Why LinkedIn Is Where the Decisions Get Made
LinkedIn has, over the past five years, quietly become the most important B2B marketing channel for high-consideration purchases. It's where buyers research, where they form opinions about vendors, where they screenshot posts to share internally, and where they get warm-introduced to the people they'll eventually buy from. None of that shows up in a standard attribution dashboard, which is part of why most B2B brands underinvest in it.
The other platforms have roles. X still matters for certain technical audiences. YouTube is underweighted by most B2B teams. Threads and Bluesky have a niche. But for the typical B2B software, services, or enterprise brand, LinkedIn is the platform that does the heaviest lifting — and the one where the operating discipline matters most.
The Founder-Led Distribution Playbook
The single most underused asset in B2B marketing is the founder's personal feed. Founders carry credibility a brand handle never will. They can post points of view a corporate account can't. They earn algorithmic distribution the brand account fights for. And their audience is, by self-selection, the audience the company is trying to reach.

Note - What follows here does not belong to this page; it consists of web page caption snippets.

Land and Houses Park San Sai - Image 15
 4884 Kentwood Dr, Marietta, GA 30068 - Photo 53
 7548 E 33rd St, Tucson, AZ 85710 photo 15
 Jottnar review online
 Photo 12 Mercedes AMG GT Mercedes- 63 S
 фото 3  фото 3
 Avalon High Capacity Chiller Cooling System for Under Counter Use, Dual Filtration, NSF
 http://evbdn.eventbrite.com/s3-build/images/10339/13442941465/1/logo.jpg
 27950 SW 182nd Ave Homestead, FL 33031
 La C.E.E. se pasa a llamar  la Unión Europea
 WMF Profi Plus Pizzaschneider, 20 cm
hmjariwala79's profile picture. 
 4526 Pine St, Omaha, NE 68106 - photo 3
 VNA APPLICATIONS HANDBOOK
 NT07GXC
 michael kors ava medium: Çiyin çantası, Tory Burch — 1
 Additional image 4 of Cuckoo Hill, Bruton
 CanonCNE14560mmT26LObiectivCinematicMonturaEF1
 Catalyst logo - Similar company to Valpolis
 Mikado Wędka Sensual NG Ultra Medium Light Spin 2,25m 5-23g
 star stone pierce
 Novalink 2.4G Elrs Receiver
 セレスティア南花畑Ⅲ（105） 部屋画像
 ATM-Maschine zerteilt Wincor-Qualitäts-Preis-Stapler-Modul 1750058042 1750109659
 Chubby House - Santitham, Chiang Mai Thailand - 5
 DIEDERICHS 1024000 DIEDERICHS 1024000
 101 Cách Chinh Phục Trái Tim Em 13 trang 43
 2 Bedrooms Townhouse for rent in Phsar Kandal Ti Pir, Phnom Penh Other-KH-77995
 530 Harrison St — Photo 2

The objection most founders raise is time. The playbook that works around it has three components. First, a clear set of themes — three or four topics the founder will be known for. Second, a content support system — a writer or strategist who turns founder thoughts into posts the founder approves and ships. Third, a sustainable cadence — three to five posts a week, indefinitely. Most founder programs die in month three because the cadence wasn't realistic. The ones that survive become the company's largest distribution channel within a year.
Employee Advocacy: The Distributed Channel Most Brands Mismanage
After the founder, the next-largest distribution opportunity is the rest of the company. Every employee has a network. Aggregated across the company, that network is usually larger and more relevant than the brand's own following. Employee advocacy programs try to activate this — and most of them fail in predictable ways.
The failure mode is forced participation. Companies mandate that employees share corporate posts, employees comply reluctantly, the content reads as inauthentic, and the program produces noise instead of trust. The version that works is voluntary, generous, and practical:
- Make it easy. Pre-written drafts that employees can edit, not forced scripts. Templates, not mandates.
- Make it relevant. Employees share things they'd share anyway — interesting customer stories, useful research, behind-the-scenes work. Not press releases.